Legendary Silver Age writer and creator Gerry Conway, who has long histories with both Marvel and DC Comics, has returned to freelance writing assignments relating to “Amazing Spider-Man” material after being mostly retired from comic book gigs since 1993. Quite why is unknown, personal to Conway and likely involves multiple factors. Yesterday (April 28), it is possible that readers, retailers, and the general online public may have gotten an idea as to why as Conway took to his personal Tumblr account to call out DC Entertainment on their newer (and to him, poorer) creator royalty program in terms of media adaptations.
Using Caitlin Snow/Killer Frost as an example due to her current appearances in “The Flash” airing on “The CW”, Gerry Conway compares how DC Comics handled such things under the tenure of Paul Levitz as publisher to how things are run now that DC Entertainment (DCE) has more firmly entrenched the comic book company with Warner Brothers since 2009. As Conway himself summarizes, DC Comics’ royalties program for creators was almost non existent until the 1970’s. It was at that point, when Richard Donner’s “Superman” was earning mega bucks in theaters making everyone believe a man could fly, yet the original creators of Superman (and their families) got virtually nothing for that. Shamed into action, “DC Comics established the first program to provide comic book creators with a share in the revenues generated by their creations in other media. This concept became known as ‘creator equity participation’ and it was a small but significant step toward compensating creators for their work beyond a simple page rate”. Without getting into exact figures, Conway explained that under Levitz’s tenure as editor, president, and publisher, creators got their royalties consistently without undue effort on their behalf.

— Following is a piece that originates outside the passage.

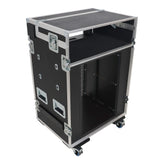 Video Control Workstation Flight Case 16U + 5U Rack with Dual Side Tables & Triple Monitor Mount by Santosom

With the creation of DC Entertainment six years ago, according to Conway, that has changed. He’s stated that DC Comics has ceased offering creator royalties to characters considered “derivative” of other characters; as an example, Conway was personally informed via letter by DCE by CEO Diane Nelson that he would no longer receive any royalties for co-creating Power Girl because she was considered “derivative” of Superman. This was despite a legal hearing in the 1940’s “when Siegel and Shuster sued National for the rights to Superboy. National (the company that preceded DC) argued that Superman was the original creation, which Siegel and Shuster sold to National, and that Superboy was just a ‘derivative’ creation. A court-appointed legal referee found that Superboy was in fact a unique creation and that National was guilty of copyright infringement. Sadly for Siegel and Shuster (and for creators everywhere), legal expenses forced the creators to sell National the rights to Superboy in a consent decree that obscured this fundamental finding. But the finding is pretty clear: Characters ‘derived’ from other characters are legally unique, and DC’s claim that ‘derivation’ deprives creators of any equity participation rights in those characters is nothing more than an immoral, unethical, deceitful and despicable money grab”. Conway continues to note how multiple versions of various characters, such as Killer Frost, are other tricks which DC Comics uses to try to gyp royalties from creators. “Nobody gets credit and creator equity participation for creating her. And that, my friends, is truly obnoxious and despicable,” Conway continues. In order to even attempt to regain these royalties, creators much also submit written requests for each and every character they created or co-created before the next appearance; in essence, meaning many older creators would have to go through the effort of narrowing down all their creations and sending letters for each one. Conway himself estimates that this would require request letters for “over five hundred characters” just for him alone.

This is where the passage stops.